Monday, August 31, 2015

Daily Fantasy Baseball, Part I

When playing daily fantasy baseball, the most important concept is value.  Using the restriction of a salary cap, the objective is to assemble a lineup that scores the most points.  However, the players that score the most points per game are not necessarily the best players to use in your lineup.  In general, you want to look at a player's production relative to his price when determining his actual value to your lineup.  Obviously, player salaries fluctuate based on past performance, matchup, ballpark, position in the batting order, and several other factors.  Therefore, it is not even sufficient to look at a player's average points scored (in all games) compared to his current salary.  Rather, to get a better picture, we must examine his performance in each game relative to his salary for only that game.  (As far as I can tell, no free website that I have seen keeps track of this type of data and compiles it for you.)  

I have been keeping Draft Kings point totals and salary data all season long and have written a few programs to analyze all of it.  In doing so, I have developed a few metrics to measure a player's profitability.  First, what do I mean by profit?  In economics, profit is total revenue minus total cost.  In DFS, we have an easy way to measure cost (the player's salary), but revenue requires one extra step.  In order to equate points to a dollar value, we have to know, on average, how much a single DFS point is worth.  Based on my analysis, I have concluded that:
  • On average, it costs about $517 in salary per point for pitchers
  • On average, it costs about $569 in salary per point for hitters
This tells us that pitchers are approximately 10% more valuable than hitters since it takes about 10% less salary on average to score 1 point.  The profit formulas then become:
  • For pitchers:     (points scored) x ($517) - (salary)
  • For hitters:        (points scored) x ($569) - (salary)
Using these formulas, I have created a database of every player's game logs including salary and points scored.  I calculated total profit over the course of the season, average profit per game, percent of games played in which the player returned a profit. and a metric I like to call the GPP index.  This index heavily weights performances that are outliers in the positive direction, i.e. when a player returns 2 or 3 times the point total that one would expect based on his salary.  This, in general, is what will win you GPP matchups-- outstanding performances by players who are bargains based on their price.

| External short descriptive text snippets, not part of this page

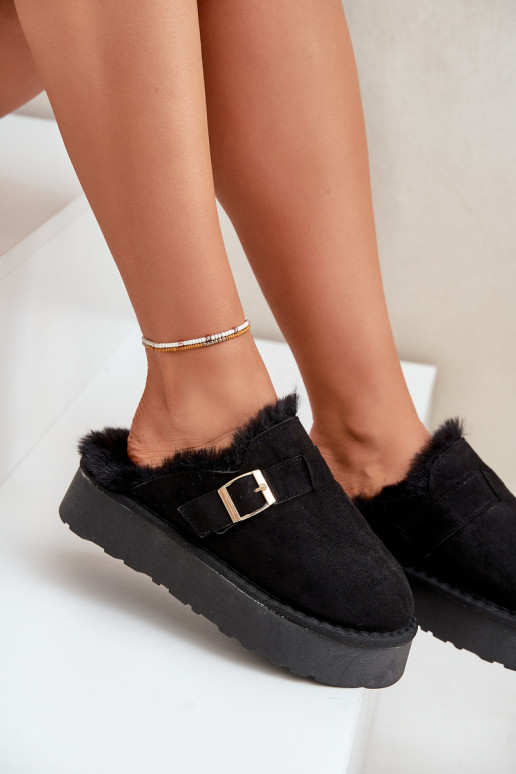 Chinelos Feminino Em uma sola grossa com um casaco de pele I com fivelas cor preta Linneola Chinelos Feminino Em uma sola grossa com um casaco de pele I com fivelas cor preta Linneola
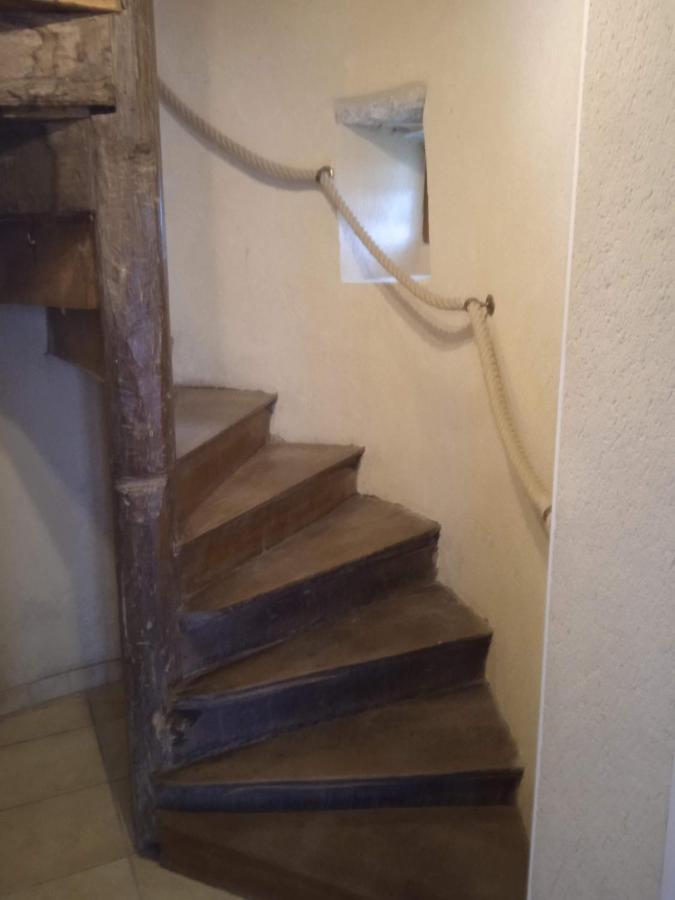 Charming Detached 2 Bedroom Ancient House In Medieval Quarter Of A Small Town In The Pays De La Loire, France Sillé-le-Guillaume Exteriér fotografie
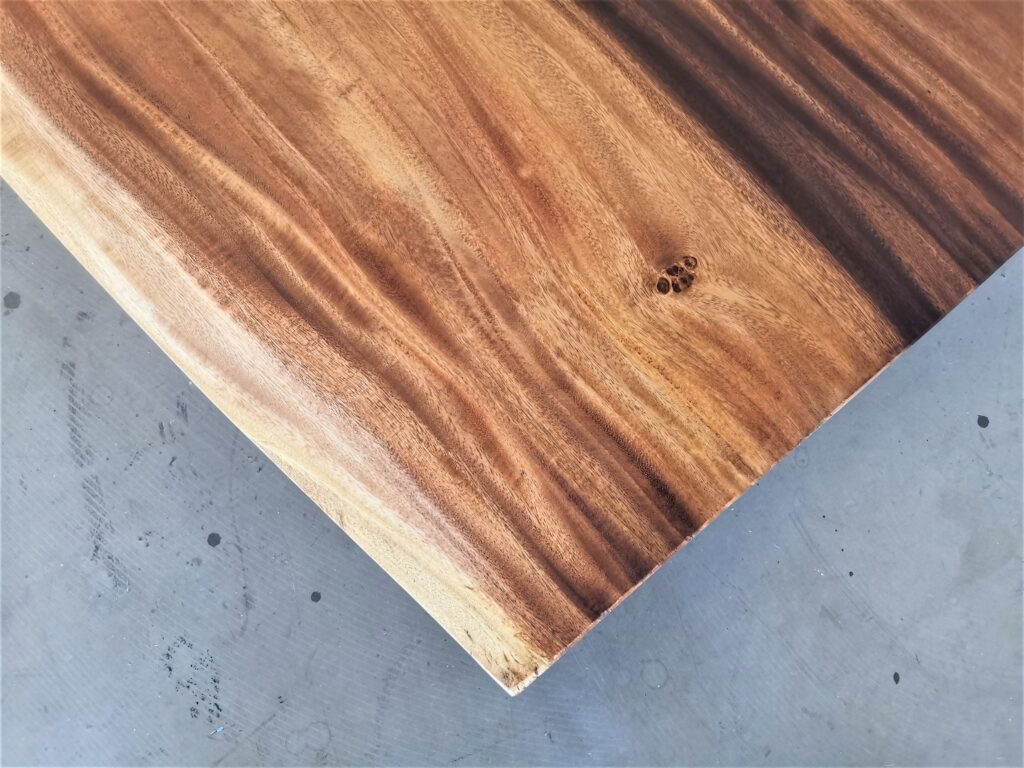 massivholz-tischplatte-baumkante-Akazie_mb-728 (7)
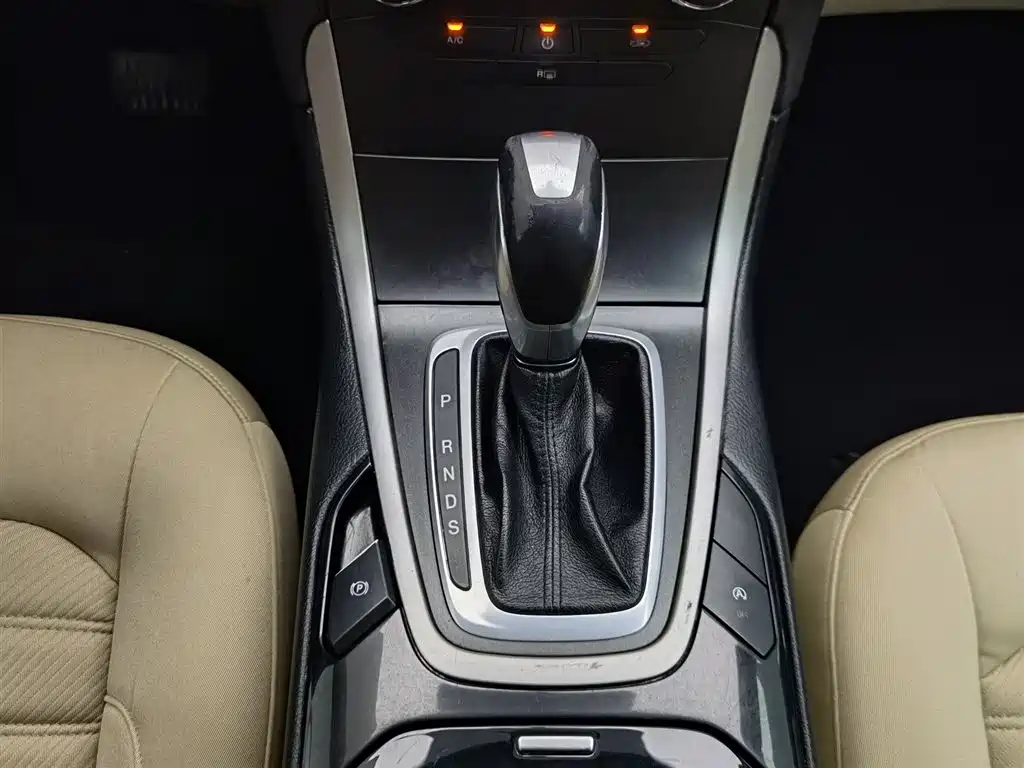 Edge 2.0 T GTDi 2 WD Elite Sharp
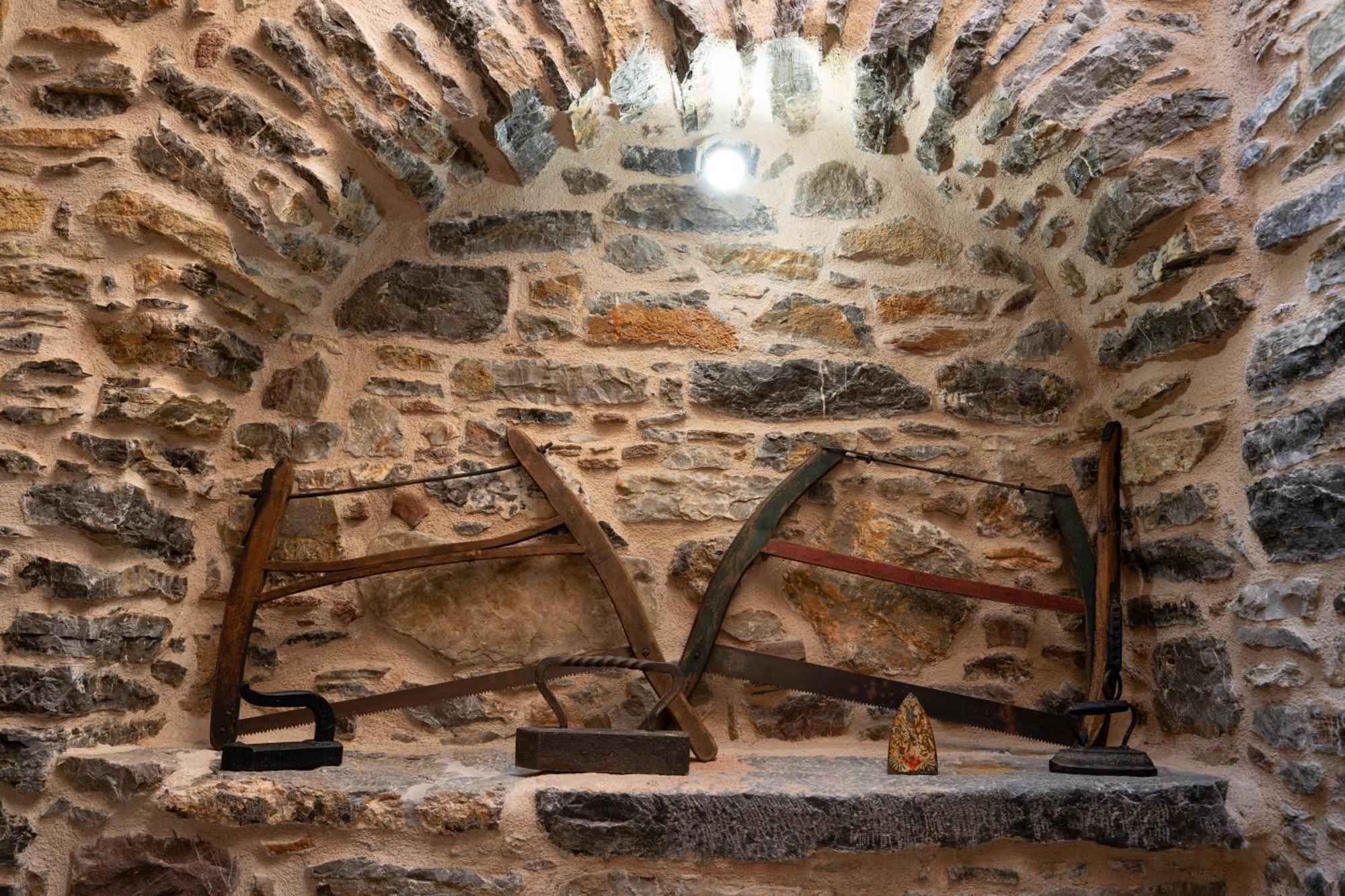 Byzantine Home In The Castle Mesta Exterior photo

The top 25 hitters in profit per game are listed below:

Top Draft Kings DFS players in profit per game
This analysis shows us that the most profitable hitters are a combination of high-priced superstars (Bryce Harper, Paul Goldschmidt, Josh Donaldson), breakout players having career years (A.J. Pollock, Lorenzo Cain, Manny Machado), and undervalued, cheaper role players (Chris Colabello, Billy Burns, Eddie Rosario).  In terms of GPP value, though, the picture is somewhat different.  Joey Votto, for example, is not a great GPP play because he is consistently good without the upside.  He is only profitable in less than 40% of his games (relatively low) and rarely provides an outstanding performance, giving him a GPP rank of 119 despite being the 22nd most profitable player.  Chris Colabello, on the other hand, has returned a profit in 57% of his games and comes at a relatively cheap price.  He also often returns 2 or 3 times his salary and is the highest ranked GPP player so far this season.

I have a lot more DFS data to share (including analysis of pitchers), but I wanted to put this out there and see if there is any response for more.  Part II may be coming soon if the demand is there.